Categories
Default

Nigeria: Govt Lacks Integrity, Can’t Be Trusted – ASUU

February 21, 2022

*Describes FG as slave merchants of IMF *Vows to liberate its members with new decent salary, working conditions *JAMB boss, Oloyede supports ASUU on opposition to IPPIS, the proliferation of varsities *Says ‘we may soon have university of road safety’

By Adesina Wahab & Adeola Badru

THE Academic Staff Union of Universities, ASUU, weekend, described the Federal Government as an entity that lacked integrity and should not be trusted.

It also described the government as slave merchant, which only listened to and implement destructive policy recommendations of the International Monetary Fund, IMF, and World Bank against the larger interest of Nigerians.

This came as Registrar of the Joint Admissions and Matriculation Board, JAMB, Prof. Is-haq Oloyede, weekend, said the adoption of the Integrated Personnel Payroll Information System, IPPIS, as the payment platform for university workers was unsuitable for the university system.

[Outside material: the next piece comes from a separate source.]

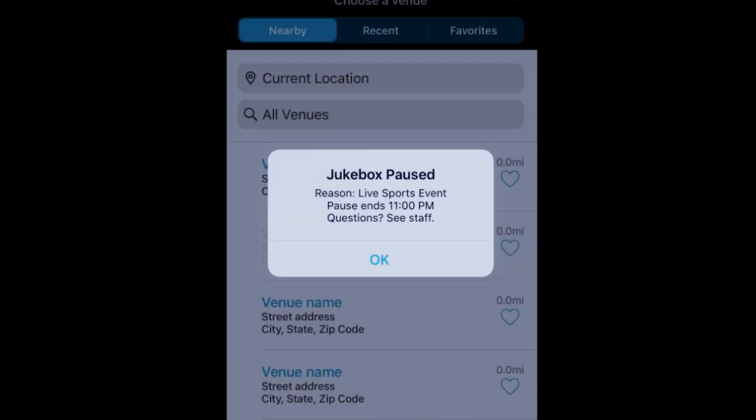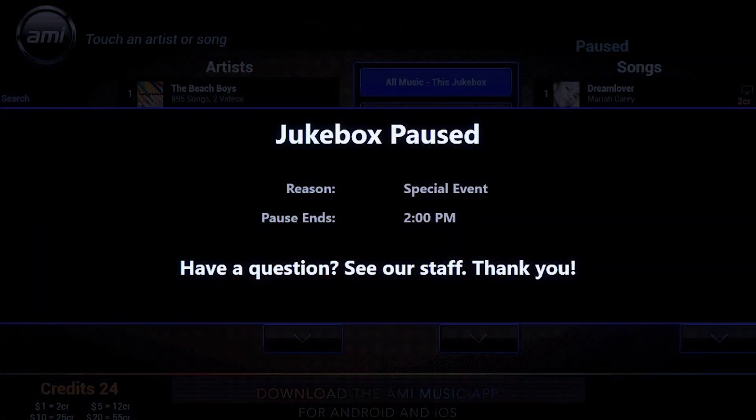Let's talk about what the bar-goer is going to see when we're in event mode. If they're using the mobile app, it will show that the jukebox is currently offline, even though we know the jukebox is still turned on. On the jukebox itself, the bill acceptor and credit card readers are both going to stop accepting payments, and they'll see a message telling them when the event is going to end so they know when paid selections are coming back.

It would be recalled that ASUU declared a month warning strike last Monday to press government to implement the agreement the union had with it and withdraw the IPPIS payment platform and replace it with the University Transparency and Accountability System, UTAS.

Chairman of the union at the University of Ibadan, Professor Ayo Akinwole, who stated this in a reaction to claims by the Minister of Education, Mallam Adamu Adamu, that he was looking for ASUU to resolve the issues before he heard that ASUU had declared strike.

He said: “The Federal Government lacks integrity. It is sad. The government cannot be trusted any longer. We have been on the same salary for 13 years and it is even shameful to show anyone your pay slip.

“When compared to the work we do, we have sacrificed for Nigeria to the detriment of our well-being and this is already dampening morale of our people.

“The Federal Government should sign the renegotiated agreement, implement it, roll out UTAS, pay unpaid earned academic allowances and commit more funds into the revitalisation of universities.”

Akinwole, however, urged parents to impress it on government to sign the new welfare package for ASUU members.

“If we fail to fight for our rights, the slave merchants in government will continue to trade with our future and future of the children of the masses,” he said.

Vows to liberate its members with new decent salary, working conditions

Akinwole maintained that poor policy formulation and implementation in the education sector had been making government to treat lecturers like slaves, warning that the union would battle the slave merchant and liberate lecturers in Nigeria by getting better conditions of service, including salaries, allowances as well as preferred conductive working and learning environments for students.

According to him, the Federal Government and those put in charge of education ministry have displayed total incompetence and nonchalant attitudes to what mattered to Nigerians.

He said it was total falsehood for anyone in Nigeria to claim not to have heard or read series of ASUU warnings on the pages of newspapers at least one month before the union resolved to proceed on one-month warning strike.

Akinwole said due to the stress arising from failure of Federal Government to recruit more staff, ASUU had lost many of its members to death, while others had simply moved out of the country in search of greener pastures.

JAMB boss supports ASUU on IPPIS, proliferation of varsities

Meanwhile, the Registrar of JAMB, Prof. Is-haq Oloyede, has said the adoption of the Integrated Personnel Payroll Information System, IPPIS, as the payment platform for university workers is unsuitable for the university system.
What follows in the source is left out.